Sixty-six years ago today, the famed espionage trial of Ethel and Julius Rosenberg opened in a federal court in New York. The couple stood accused of selling nuclear secrets to the Russians at the height of the Cold War.

A series of developments after the end of the World War II created the belief the Soviet Communists were working toward global domination and that the Soviet Union posed a threat to the United States.  Perhaps the most alarming took place in August 1949, when the Soviets conducted their first successful test of the atomic bomb, shocking those who operated on the belief that the Russians were years away from attaining the bomb.

‘The crime of the century’

The Rosenberg trial was sparked by the arrest for espionage of the British atomic scientist Klaus Fuchs in England in February 1950.

During its probe, the Federal Bureau of Investigation found his courier, Harry Gold, in Philadelphia, who in turn led the FBI to David Greenglass, a U.S. soldier who had worked at the atomic bomb facility in Los Alamos, New Mexico.

Greenglass testified at the trial of the Rosenbergs that he had given notes and sketches of the atomic bomb to his brother-in-law, Julius Rosenberg.

He went on to say Rosenberg’s wife, Ethel, typed them and turned them over to the Russians. 

The prosecution’s case against the Rosenbergs rested primarily on the testimony of four witnesses—David and Ruth Greenglass, Harry Gold, and Max Elitcher. Elitcher, a classmate of Julius Rosenberg and Morton Sobell at the City College of New York in the late 1930s, was the only witness to name Sobell as a member of the Rosenberg espionage ring.

David and Ruth Greenglass provided the only testimony linking the Rosenbergs to espionage. 

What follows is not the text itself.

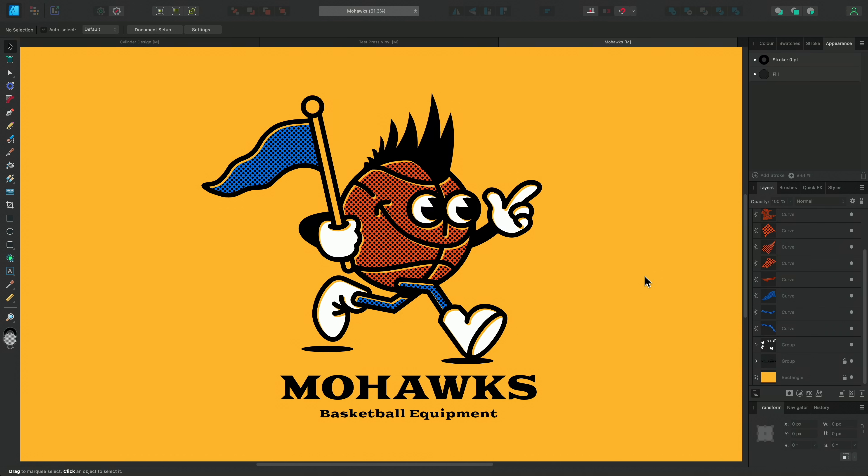So that was a run through of the vector flood fill tool in Affinity Designer and some creative use cases to consider too. Thanks for watching and we'll see you in the next one.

The case became a cause celeb among American leftists, who argued the case was an extreme overreaction by the government and an inaccurate stoking of hysteria over Soviet infiltration in the American democratic political system. The reaction to the Rosenberg trial was often referred to by supporters of the couple as more evidence of a “Red Scare” or “McCarthyism,” referring to U.S. Senator Joseph McCarthy (R-Wisconsin), famed for his claims that large numbers of Communists had infiltrated the U.S. State Department.

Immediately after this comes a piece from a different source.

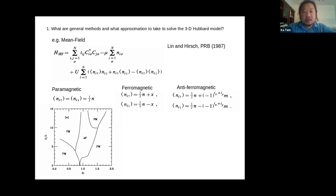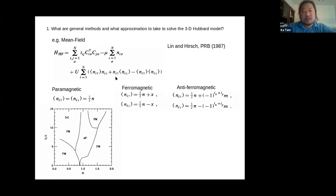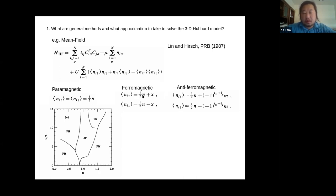One of the early studies in the mid-80s tried to study the magnetic phase diagram of the Hubbard model. Essentially the simple thing is to factorize the interacting term — originally a four-operator term — into two-operator terms. This paper breaks up n-up n-down into expectation value of n-up times n-down plus n-up times expectation value of n-down.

The trial lasted nearly a month, finally ending on April 4, 1951 with convictions for all the defendants. The Rosenbergs were sentenced to death row on April 5. Sobell received a 30-year sentence. Greenglass got a reduced term of 15 years for his cooperation.

The Rosenbergs  were executed in 1953.

 

The Rosenberg legacy

In 1995, after the collapse of the Soviet Union, the U.S. National Security Agency released intercepted cables, which, along with declassified documents from the Soviet archives, confirmed that Julius Rosenberg did spy for the Soviets throughout the 1940s and was part of a larger spy ring within the United States. 

As many suspected given the scarcity of evidence against her, Ethel Rosenberg, while likely an accessory, was almost certainly not a spy. A Soviet cable from 1944 stated that Ethel was “sufficiently well developed politically” and that she knew about her husband’s espionage activities, but noted, “in view of delicate health [she] does not work.”

In 1960, David Greenglass was released from prison and rejoined his wife and children, who were living under assumed names. In 2001, Greenglass publicly admitted committing perjury on the stand in order to save Ruth from prosecution. Morton Sobell was released in 1969 and maintained his innocence until 2008, when he admitted in interviews that he had been a Soviet spy. 

However, in 1983, Ronald Radosh, with Joyce Milton, wrote the book “The Rosenberg File,” in which he argued that Julius was indeed a spy, and that Ethel was not an innocent victim; rather, that she actively assisted her husband.

 

In 2013, Radosh backed up that assertion based on the release and examination of additional information that has been made public since the publication of his book.